Before COPE, SHEPHERD, and ROTHENBERG, JJ.
ROTHENBERG, J.
The State of Florida seeks certiorari relief from the trial court's order granting the defendant, Ramiro Isidro Villarreal's, motion to allow defense witnesses (the defendant's two minor children) to testify via satellite from Ecuador. To invoke the certiorari jurisdiction of this Court, the State, as the petitioner, must demonstrate that the trial court's order departs from the essential requirements of law, resulting in a material injury for which there is no adequate remedy on appeal. See Reeves v. Fleetwood Homes of Fla., Inc., 889 So.2d 812, 822 (Fla.2004); State v.
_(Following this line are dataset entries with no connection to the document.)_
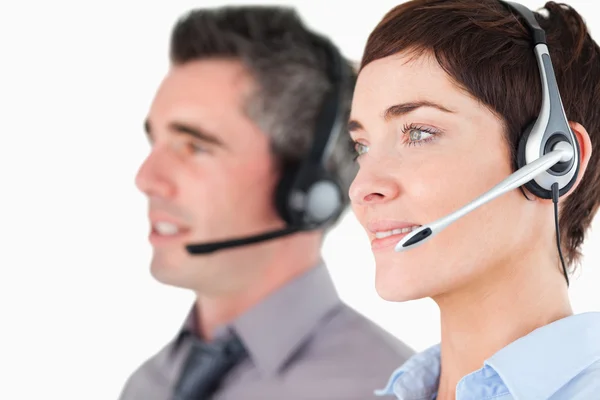 Close up of operators with headsets — Stock Photo, Image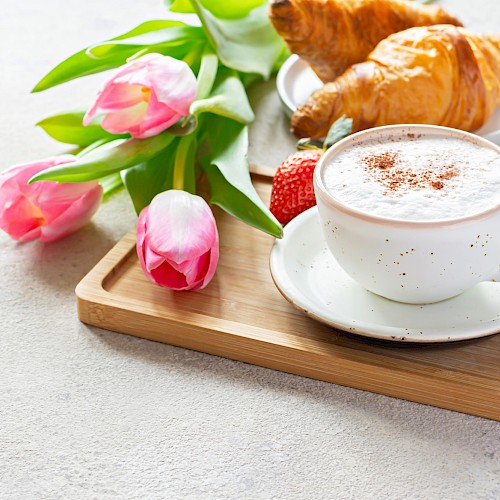A breakfast tea with croissants, strawberries, pink tulips, and a cup of frothy coffee on a wooden tray.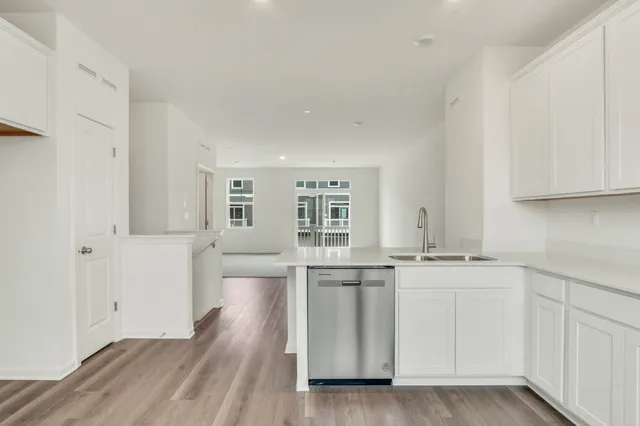 a kitchen with stainless steel appliances white cabinets and wooden floors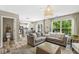Bright, open-concept living room featuring a comfortable sectional sofa and a view into the kitchen at 12259 Sweet Creek Trl, Fishers, IN 46037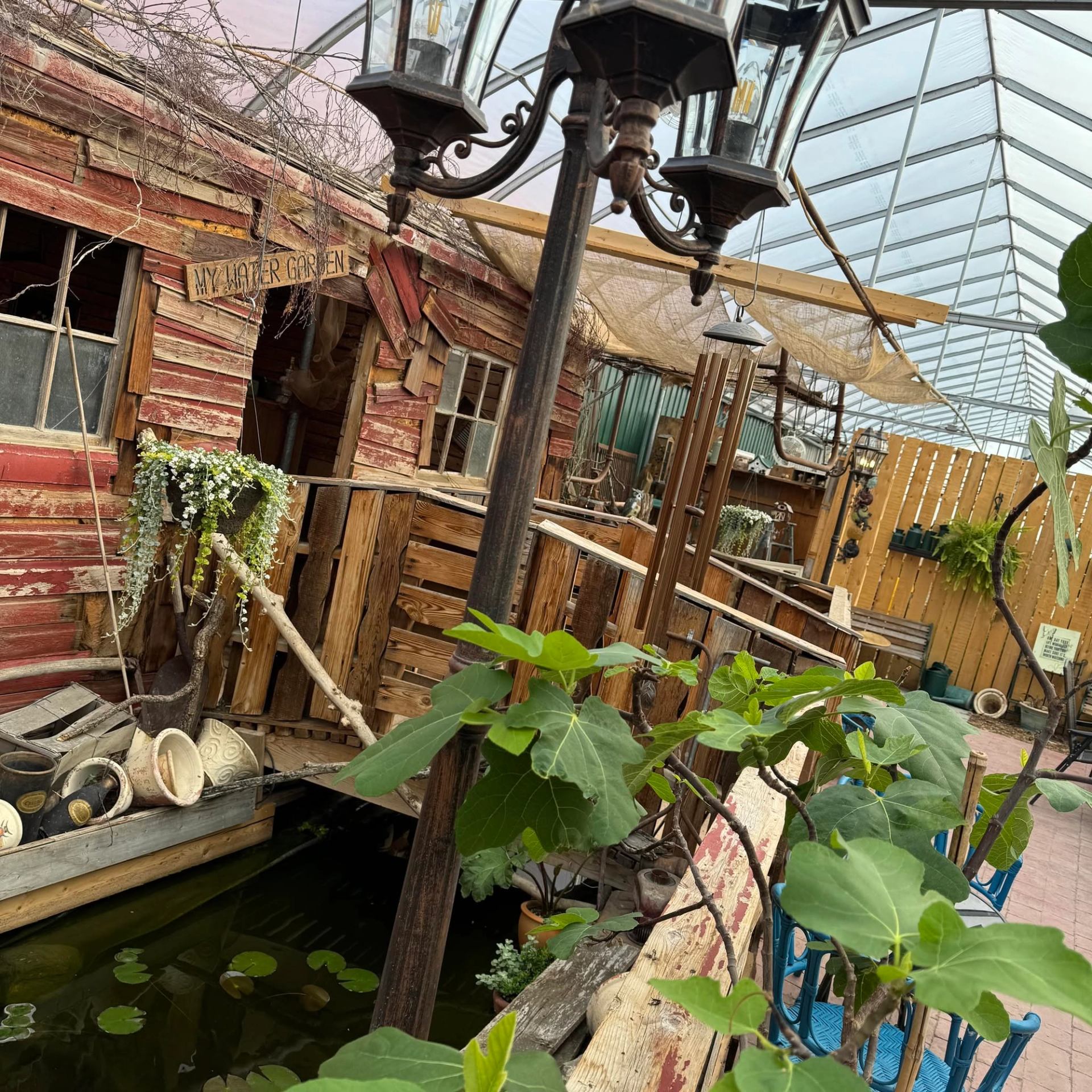The Venue of New Hope features a rustic garden display inside a greenhouse with a pond and plants.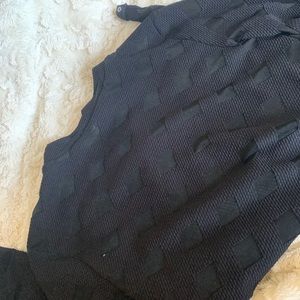 Longsleeve bodysuit.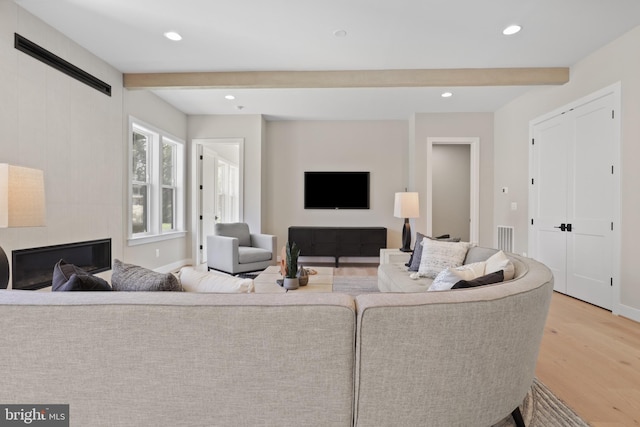 1749 Beulah Rd, Vienna, VA 22182 - living area with light wood finished floors, beam ceiling, recessed lighting, and baseboards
Pettis, 520 So.2d 250 (Fla.1988) (upholding State's right to certiorari review of pretrial orders). We grant the petition for writ of certiorari and quash the order.
I. Factual and Procedural History
In 2004, the defendant was charged with the false imprisonment and sexual battery of his wife ("the victim"). Custody of their two minor children was granted to the victim in Family Court Case Number 04-4794. Thereafter, the minor children, who are residents and citizens of Ecuador, traveled to Ecuador, but failed to return despite the family court custody order. *1168 Since traveling to Ecuador approximately three years ago, the minor children have resided with the defendant's family.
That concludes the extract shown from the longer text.